Dick, Kevin; Kyrollos, Daniel G; Cosoreanu, Eric D; Dooley, Joseph; Fryer, Joshua S; Gordon, Shaun M; Kharbanda, Nikhil; Klamrowski, Martin; LaCasse, Patrick N L; Leung, Thomas F; Nasir, Muneeb A; Qiu, Chang; Robinson, Aisha S; Shao, Derek; Siromahov, Boyan R; Starlight, Evening; Tran, Christophe; Wang, Christopher; Yang, Yu-Kai; Green, James R.
  • Dick K; Department of Systems and Computer Engineering, Carleton University, Ottawa, ON, Canada. kevin.dick@carleton.ca.
  • Kyrollos DG; Institute of Data Science, Carleton University, Ottawa, ON, Canada. kevin.dick@carleton.ca.
  • Cosoreanu ED; Department of Systems and Computer Engineering, Carleton University, Ottawa, ON, Canada.
  • Dooley J; Institute of Data Science, Carleton University, Ottawa, ON, Canada.
  • Fryer JS; Department of Systems and Computer Engineering, Carleton University, Ottawa, ON, Canada.
  • Gordon SM; Department of Systems and Computer Engineering, Carleton University, Ottawa, ON, Canada.
  • Kharbanda N; Department of Systems and Computer Engineering, Carleton University, Ottawa, ON, Canada.
  • Klamrowski M; Department of Systems and Computer Engineering, Carleton University, Ottawa, ON, Canada.
  • LaCasse PNL; Department of Systems and Computer Engineering, Carleton University, Ottawa, ON, Canada.
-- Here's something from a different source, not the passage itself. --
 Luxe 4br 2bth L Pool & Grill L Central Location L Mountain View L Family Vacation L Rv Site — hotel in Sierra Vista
  • Leung TF; Department of Systems and Computer Engineering, Carleton University, Ottawa, ON, Canada.
  • Nasir MA; Department of Systems and Computer Engineering, Carleton University, Ottawa, ON, Canada.
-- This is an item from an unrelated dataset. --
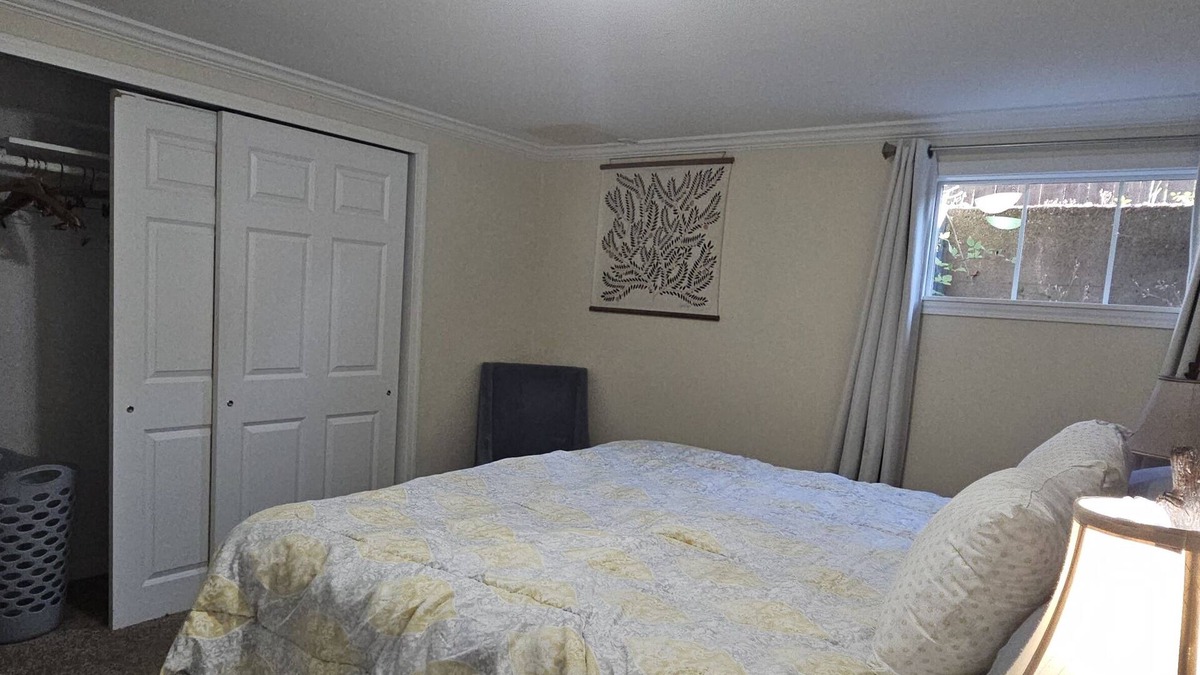 West End Apartment | Charming 1-bedroom apartment in delightful Tacoma with WiFi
  • Qiu C; Department of Systems and Computer Engineering, Carleton University, Ottawa, ON, Canada.
  • Robinson AS; Department of Systems and Computer Engineering, Carleton University, Ottawa, ON, Canada.
  • Shao D; Department of Systems and Computer Engineering, Carleton University, Ottawa, ON, Canada.
  • Siromahov BR; Department of Systems and Computer Engineering, Carleton University, Ottawa, ON, Canada.
  • Starlight E; Department of Systems and Computer Engineering, Carleton University, Ottawa, ON, Canada.
  • Tran C; Department of Systems and Computer Engineering, Carleton University, Ottawa, ON, Canada.
  • Wang C; Department of Systems and Computer Engineering, Carleton University, Ottawa, ON, Canada.
  • Yang YK; Department of Systems and Computer Engineering, Carleton University, Ottawa, ON, Canada.
  • Green JR; Department of Systems and Computer Engineering, Carleton University, Ottawa, ON, Canada.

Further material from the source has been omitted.